= Francesco d'Avalos =

Italian conductor and composer

Francesco d'Avalos (11 April 1930 in Naples – 26 May 2014 in Naples) was an Italian conductor and composer. Holder of the aristocratic titles of Prince d'Avalos and Marquis of Vasto and Pescara, d'Avalos was also a descendant of the uncle of Maria d'Avalos, the murdered first wife of Carlo Gesualdo.

d'Avalos acknowledged that the Italian composer Antonio Favasta convinced his parents to allow him to study music. He began music studies at age 12, including piano studies with Marta De Conciliis, and later with Vincenzo Vitale. He subsequently studied composition with Renato Parodi. He considered Psiche, written at seventeen, as his first composition. He graduated with honours from the Conservatory of San Pietro a Majella in Naples, with a degree in composition. He also studied philosophy at the University of Naples. He studied conducting at the Accademia Chigiana in Siena, and his conducting mentors included Paul van Kempen, Franco Ferrara and Sergiu Celibidache. From 1951 to 1954, he was a music critic for Il Quotidiano.
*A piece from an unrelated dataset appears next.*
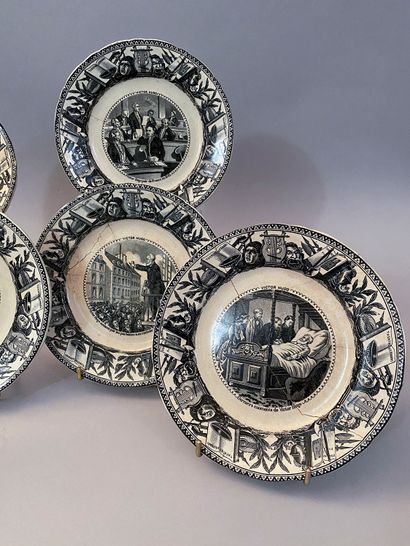 null SERIES ILLUSTRATING THE LIFE OF VICTOR HUGO.
Set of 6 round plates, in glazed...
In 1972, Nino Rota recruited d'Avalos as a composition teacher to the Conservatory in Bari, where he remained until 1979. d'Avalos then accepted a faculty post at the Naples Conservatory, where he remained until 1998. He was a guest conductor with various orchestras both in his native Italy and elsewhere in Europe. He made commercial recordings for such labels as ASV, IMP, Chandos, Brilliant, Amadeus, and Nireus.

d'Avalos composed two symphonies for soprano and orchestra. His other compositions include:
- Maria Venosa for soloists, chorus and orchestra.
- Qumran for orchestra, for soloists, chorus and orchestra.
- Hymne an die Nacht for orchestra
- Studio Sinfonico for orchestra
- Psiche e Eros for orchestra
- Musica per un dramma immaginario (for orchestra
- Vexilla Regis for chorus and orchestra
- Lines for soprano and orchestra
- Il Fiume Wang for soprano and strings
- Sonata da chiesa for strings
- Suite Slava for strings
- Quintet for piano and strings
- In Memoriam for piano and orchestra
- Idillio for piano and string orchestra

His awards and honours included:
- Composition Prize "Marzotto Prize Selection 1958"
- "Grand Prix International du Disque Académie Charles Cros – Paris 1990" for recordings of symphonic works of Martucci
- "Mra Award 1991" for the recording of the Third Symphony of Joachim Raff
- Special Prize of the Carriera del Centro Incontro delle Arti Della Monaco (2010)
- Prize of the President of the Republic "Oltre l'Orizzonte nel 2010"

In 2005, Bietti published d'Avalos' book La crisi dell'Occidente e la presenza della storia – Il significato del ventesimo secolo attraverso l'evoluzione della musica (The Crisis of the West and The Presence of History – The Meaning of the Twentieth Century Through the Evolution of Music). In November 2013, his autobiography was published.